Problem details
For each entry, return the text exactly and omit any image.
___ Available records
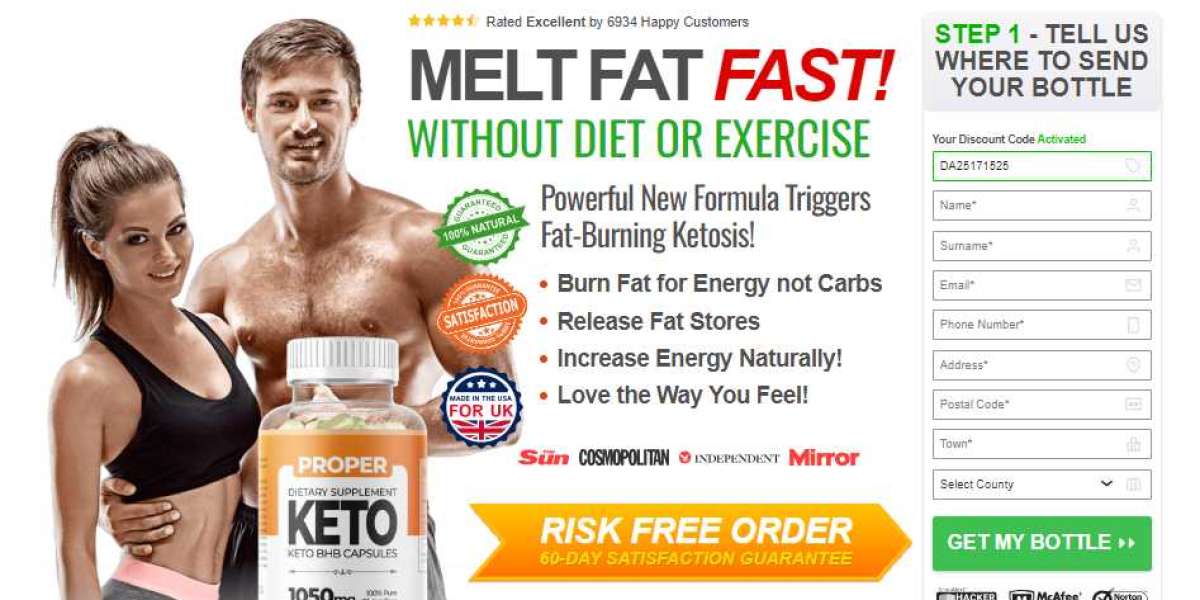 Proper Keto Capsules Reviews UK?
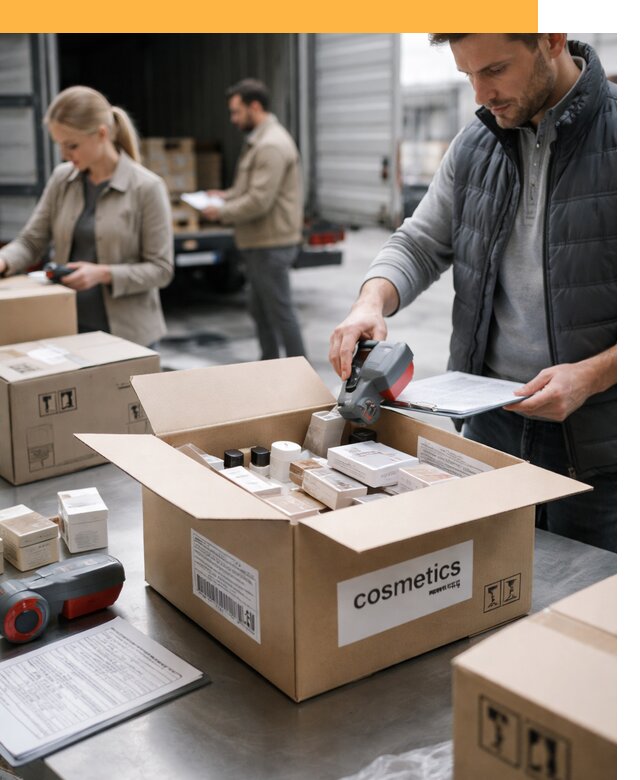 Международная перевозка косметики от 15339 руб за отправку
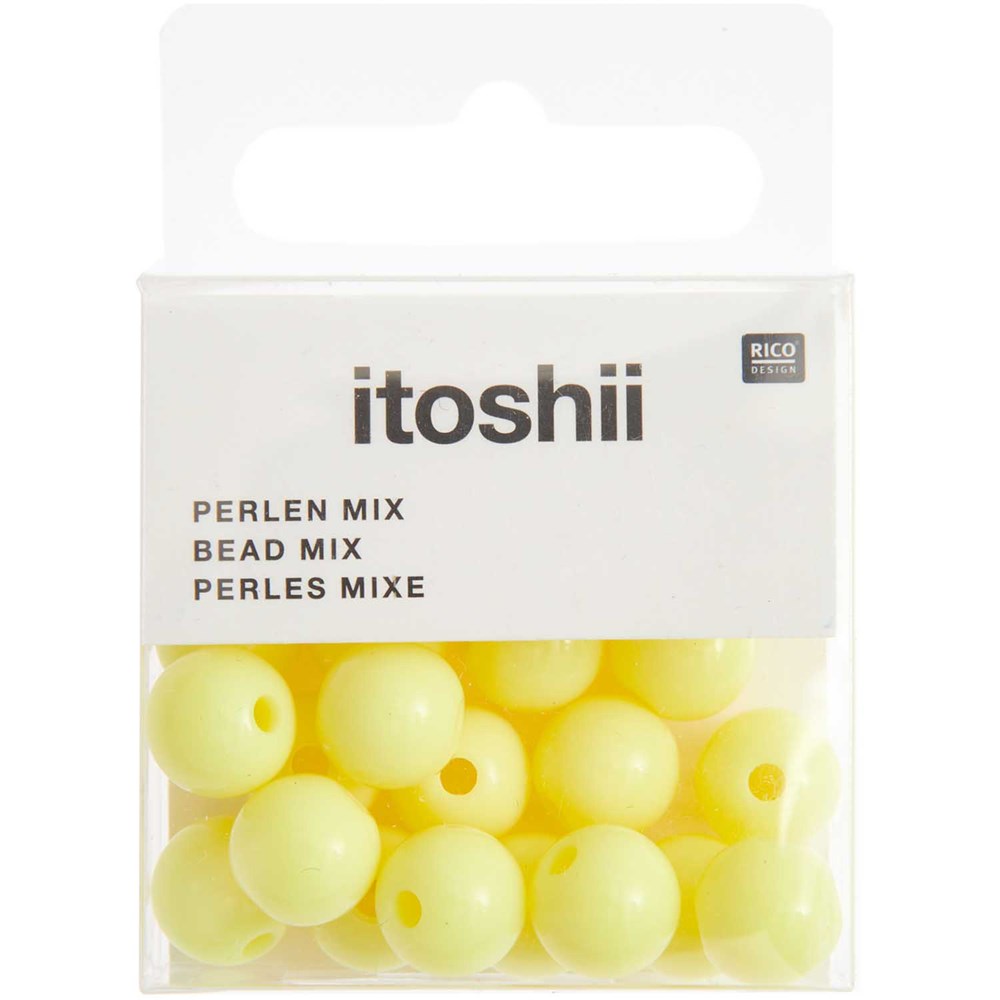 Rico Plastic Beads
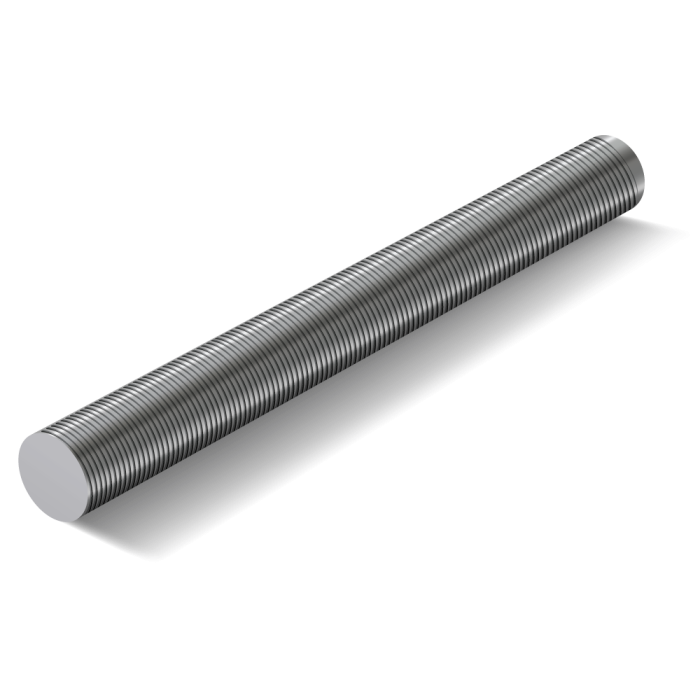 Tyč závitová trapézová  - Železo - 11120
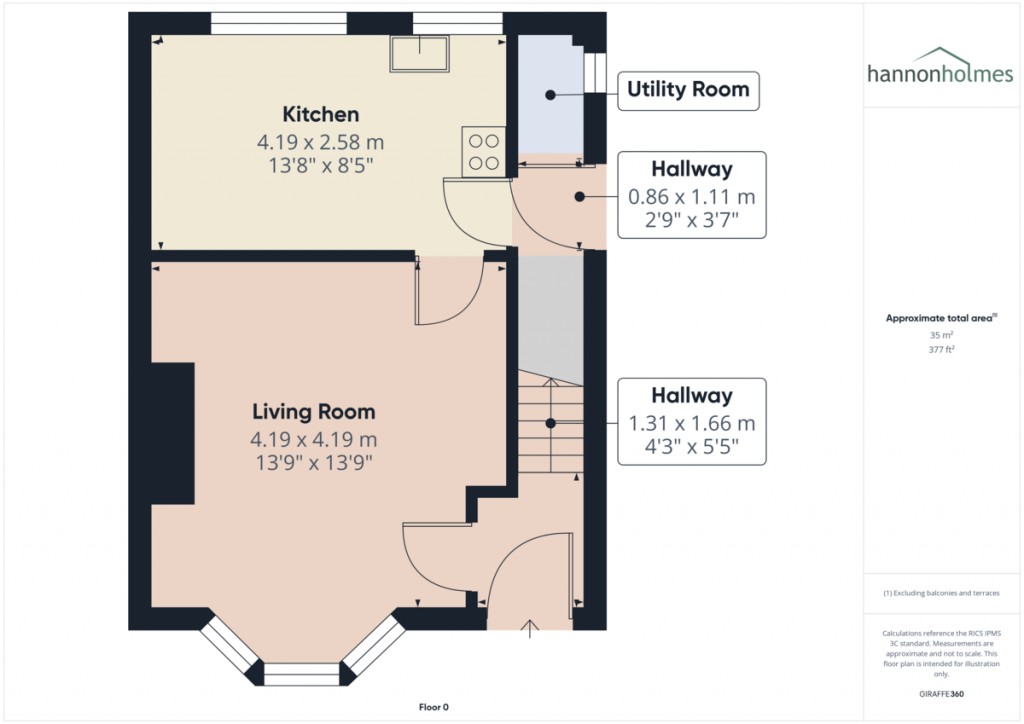 Floorplans For Marsh Road, Little Lever, Bolton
______
Exercise response
 Proper Keto Capsules Reviews UK?
 Международная перевозка косметики от 15339 руб за отправку
 Rico Plastic Beads
 Tyč závitová trapézová  - Železo - 11120
 Floorplans For Marsh Road, Little Lever, Bolton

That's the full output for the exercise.